Di tengah guyonan santai itu, terungkap fakta bahwa Om Chandra juga ternyata adalah residivis yang baru bebas penjara 2019 lalu. Alasannya, lagi-lagi bagi saya mengguncangkan nalarku. Dia dipenjara karena memukuli aparat polisi sampai pingsan dan koma 2 hari.
Pikirku, manusia modelan apa lagi yang kutemui ini. Jika biasanya polisi yang menggebuki warga. Ini justru sebaliknya. Warga biasa, sipil balik menggebuk polisi. Mendengar ini, logikaku seolah dipapras habis. Tapi sedikit senang dan kagum juga, hehe.
”Beruntunglah para pemberani yang merayakan hidup, sehidup-hidupnya, dengan hal-hal brengsek sekalipun,” batin saya merasa iri.
Dia cerita kejadian itu terjadi saat laga Arema vs Persib Bandung sekitar tahun 2018. Entah gimana ceritanya, pokoknya Om Chandra ini terlibat cekcok dengan seorang polisi di sana. Tak sendiri, dia menghajar polisi itu hingga babak belur bersama adik dan ponakannya.
”Setelah itu aku yo mlayu (kabur), le. Mencar semua dan pulang. Ternyata, adikku ketangkap. Aku kaget moro dijemput polisi pas tidur di rumah,” kisahnya.
Sesampainya di kantor polisi, dia ditanya langsung sama sipir penjara. ”Kasus opo, kon?” tanya polisi. ”Nggepuki polisi, Pak” jawabnya. ”Gak mati wonge?” tanya polisi lagi. ”Koma pak sampek 2 dino,” jawab Chandra. ”Kok gak menisan mbok pateni ae,” kata polisinya santai.
Setelah itu, kata Chandra, dia langsung balik dipukuli dengan memakai balok kayu. Ditunjukkannya pula bekas luka pukulan balok kayu itu di kaki kanannya. Bukannya memyesal, Om Chandra malah bangga bisa mukuli polisi.
Secara sejarah, batasan jarak yang jelas antara Arek Malang -suporter- dengan polisi atau aparat sudah kentara sejak lama. Semua demi membebaskan identitas Aremania agar tidak ditunggangi kepentingan lain di luar sepak bola. Mungkin, jiwa-jiwa itu yang tertanam dalam diri pria usia 50-an itu.
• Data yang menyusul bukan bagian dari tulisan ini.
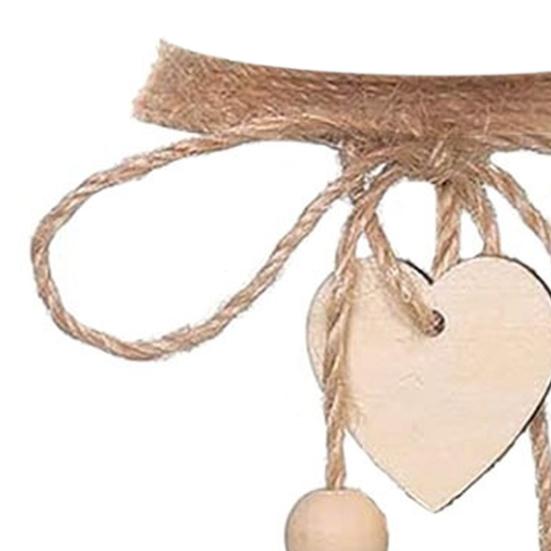 Love Heart Decoration Rope Handmade Wood Bead Jute Rope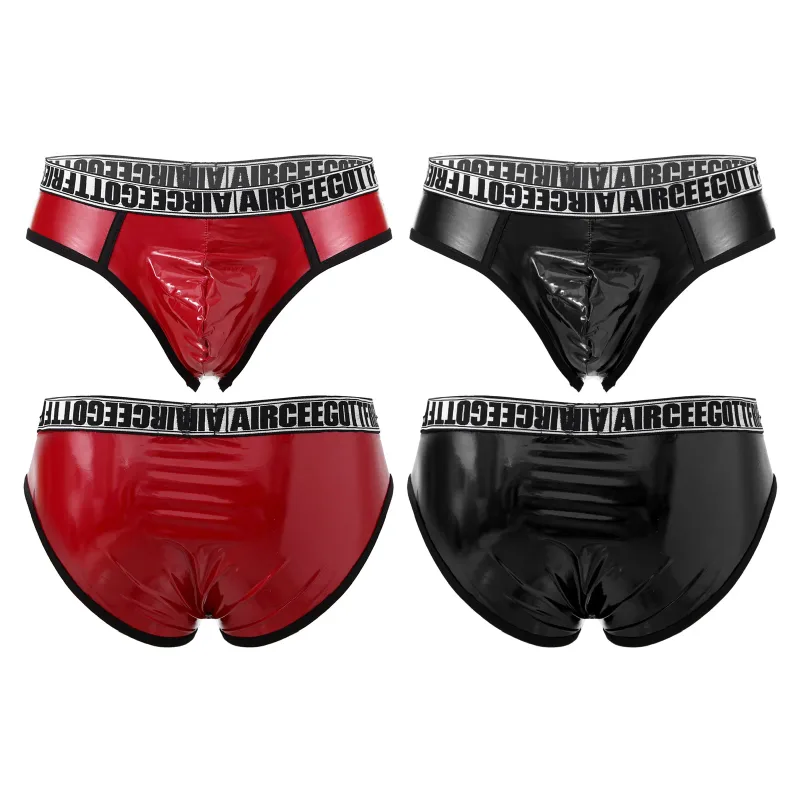 Homens de couro falso breve cuecas sexy olhar molhado cintura baixa bulge bolsa calcinha roupa interior maiô banho shorts — image 2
”Arek malang yo kudu teges. Atasane tarung ae yo mesisan. Sekalian ambek wong gede ambek polisi, yokpo sangar ya? pikirku pas enom iki, jan ndlodok wis. Lek ndablek yo ndablek pisan, ojok nanggung,” ujar dia.
Akibat perbuatannya itu, Om Chandra akhkrnya dibui selama 1 tahun 4 bulan Menjalani hidup di penjara rupanya tidak dianggapnya jadi batasan. Chandra malah justru menemukan wahana kreativitas baru. Dia melukis mural tembok rutan dari belakang sampai depan.
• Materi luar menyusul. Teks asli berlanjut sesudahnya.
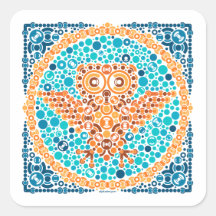 Wireless Owl, Color Perception Test, White Stickers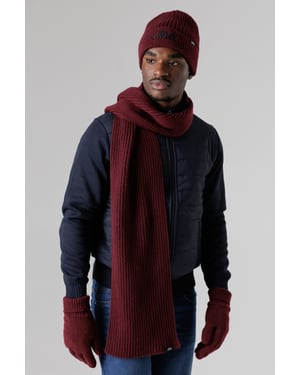 Wine Knit Hat, Scarf And Gloves Set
Nah, bagi saya, Om Chandra bisa diidentifikasikan sebagai Wong Malangan Nyel. Setidaknya, menurut standar yang dipakai orang-orang yang saya kenal. Soal standar itu, aku pun banyak mendengar, menemui dan mengenal orang-orang Malang yang kurang ajar tapi tetap lawak dan tentu saja, patut ditiru.
Dari sini, saya belajar banyak hal. Belajar hidup, itu sederhana saja. Merayakan hidup, meski harus dengan cara brengsek sekalipun. Di Sugik Tambal Ban, aku belajar apa saja. Selamat pagi menjelang siang, semoga dilancarkan semua urusannya.